Required action:
Using the records below, repeat exactly the lines from the one holding "Kışın Donmuş Şelale" through the one holding "Comment cultiver et", both ends included, and no others.

Task input:
::::::::::

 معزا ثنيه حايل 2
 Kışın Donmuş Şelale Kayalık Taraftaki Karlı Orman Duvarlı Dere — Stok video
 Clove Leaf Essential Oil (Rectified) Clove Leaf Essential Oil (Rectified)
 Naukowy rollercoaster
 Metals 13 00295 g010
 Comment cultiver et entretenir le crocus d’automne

::::::::::

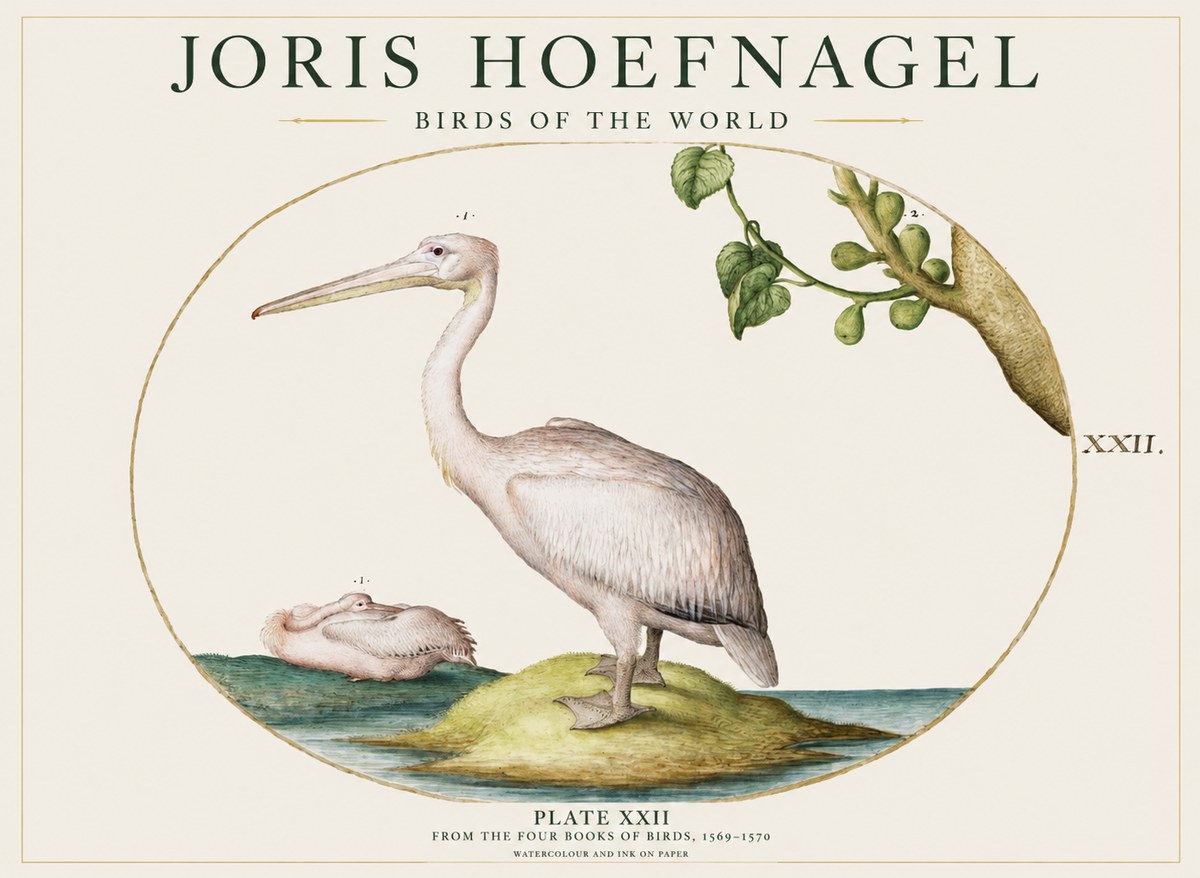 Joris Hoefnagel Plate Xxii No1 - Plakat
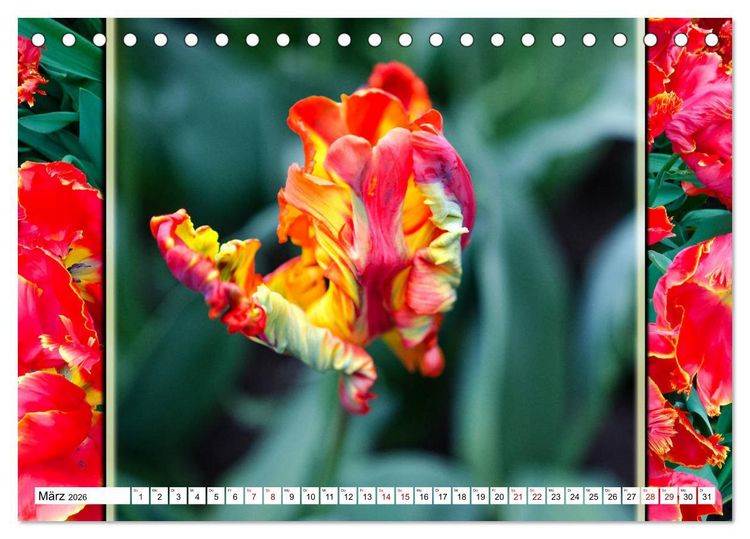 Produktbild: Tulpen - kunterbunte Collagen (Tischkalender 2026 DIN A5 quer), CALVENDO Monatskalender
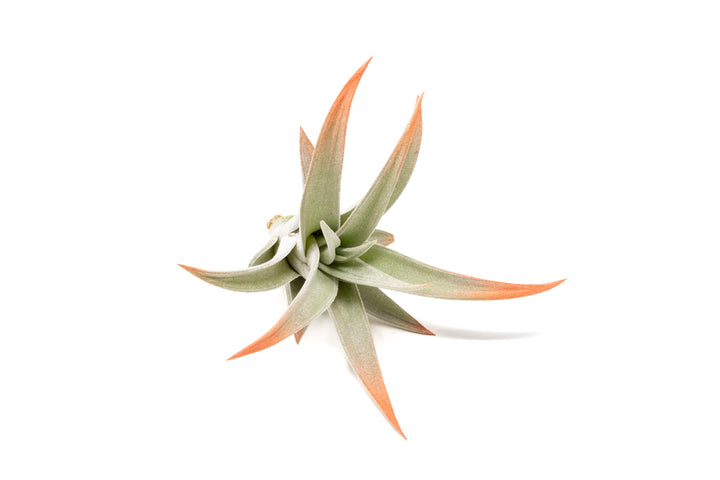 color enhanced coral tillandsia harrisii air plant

::::::::::

Exercise answer:
 Kışın Donmuş Şelale Kayalık Taraftaki Karlı Orman Duvarlı Dere — Stok video
 Clove Leaf Essential Oil (Rectified) Clove Leaf Essential Oil (Rectified)
 Naukowy rollercoaster
 Metals 13 00295 g010
 Comment cultiver et entretenir le crocus d’automne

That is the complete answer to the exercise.